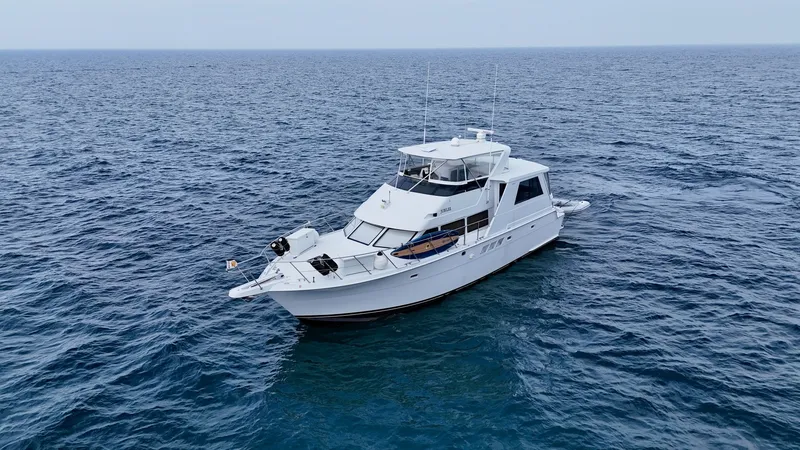Slide: The Image of Hatteras 52 Cockpit Motor Yacht 1999 - 7601374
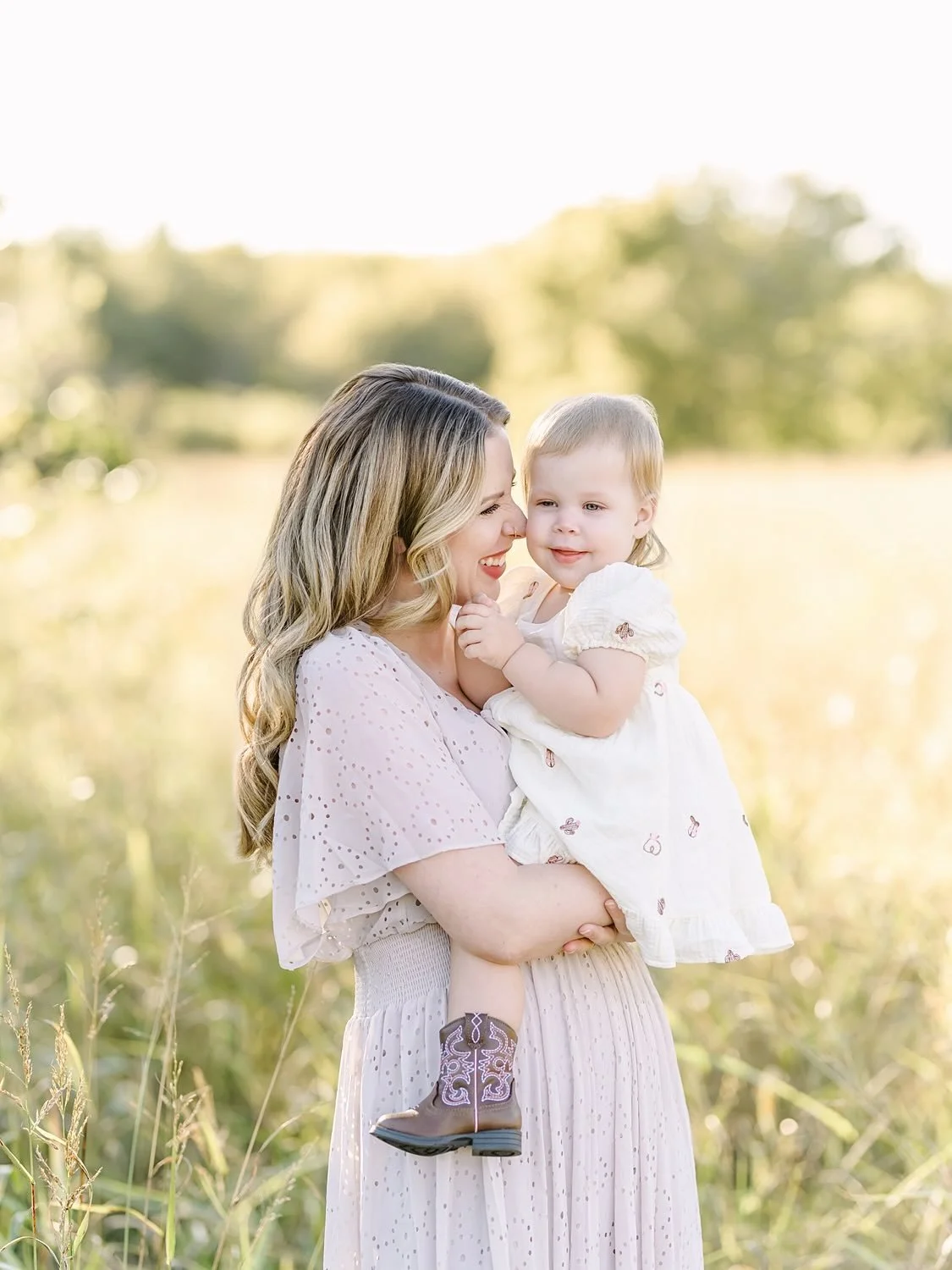 Bright, tender, timeless&mdash;an evening spent capturing the beauty of their family just as they are. ✨
.
.
.
.
.
#dallasfamilyphotographer #mckinneyfamilyphotographer #friscofamilyphotographer #planofamilyphotographer #littleelmfamilyphotographer #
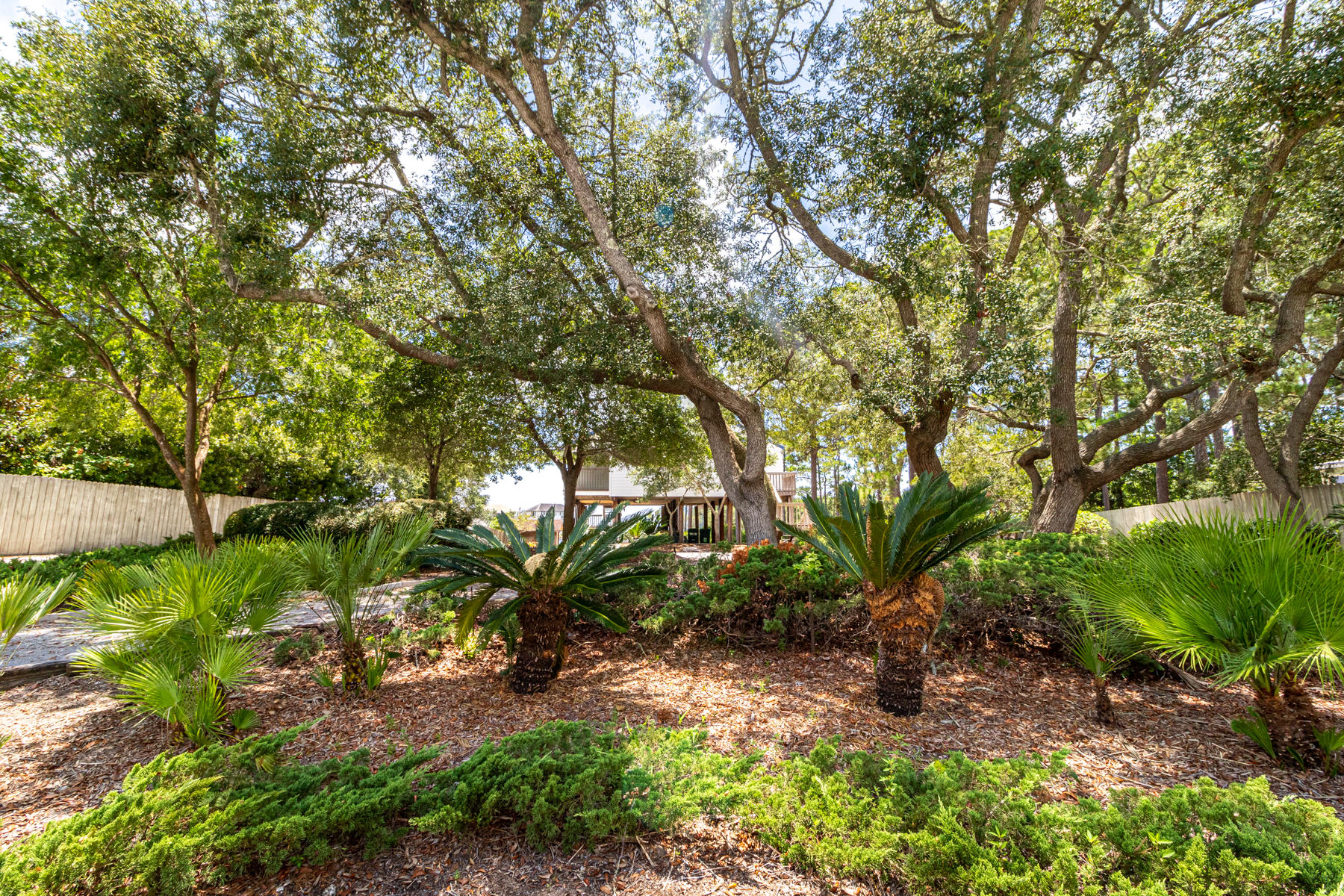 BEACH HIGHLAND - Residential
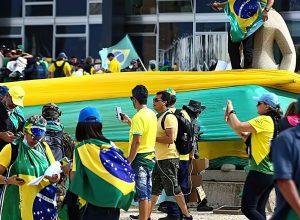 cientista-politico-ve-onda-bolsonarista-enfraquecida-apos-condenacao cientista-politico-ve-onda-bolsonarista-enfraquecida-apos-condenacao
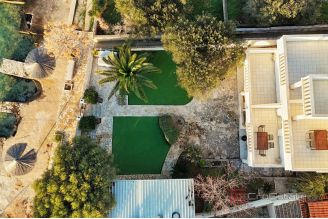 016 2058 03 Šibenik Apartment house first row to the sea for sale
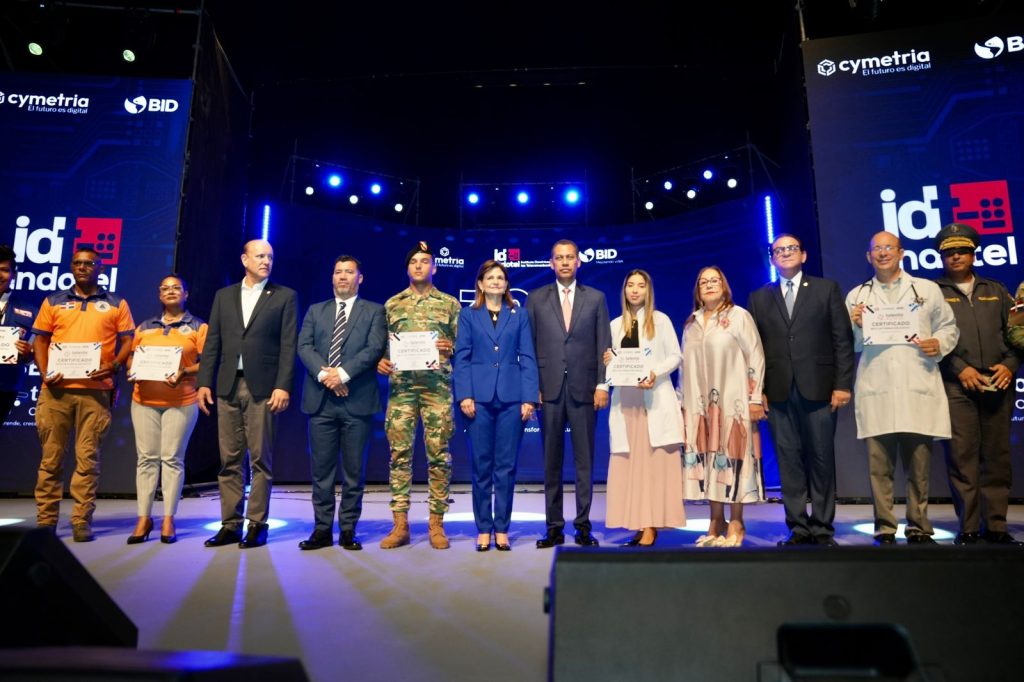 INDOTEL lanza 30 mil becas digitales para transformar la educación tecnológica INDOTEL lanza 30 mil becas digitales para transformar la educacion tecnologica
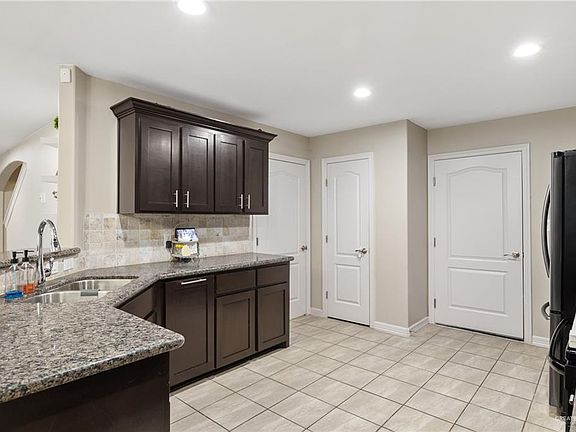 5th image of 6802 N 44th Ln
-.-.-
**Exercise requirements**
Nothing but the lines from the one containing "#planofamilyphotographer #littleelmfamilyphotographer #" through the last line of the listing should be copied, each word for word and without pictures.

**Solution for this exercise**
#dallasfamilyphotographer #mckinneyfamilyphotographer #friscofamilyphotographer #planofamilyphotographer #littleelmfamilyphotographer #
 BEACH HIGHLAND - Residential
 cientista-politico-ve-onda-bolsonarista-enfraquecida-apos-condenacao cientista-politico-ve-onda-bolsonarista-enfraquecida-apos-condenacao
 016 2058 03 Šibenik Apartment house first row to the sea for sale
 INDOTEL lanza 30 mil becas digitales para transformar la educación tecnológica INDOTEL lanza 30 mil becas digitales para transformar la educacion tecnologica
 5th image of 6802 N 44th Ln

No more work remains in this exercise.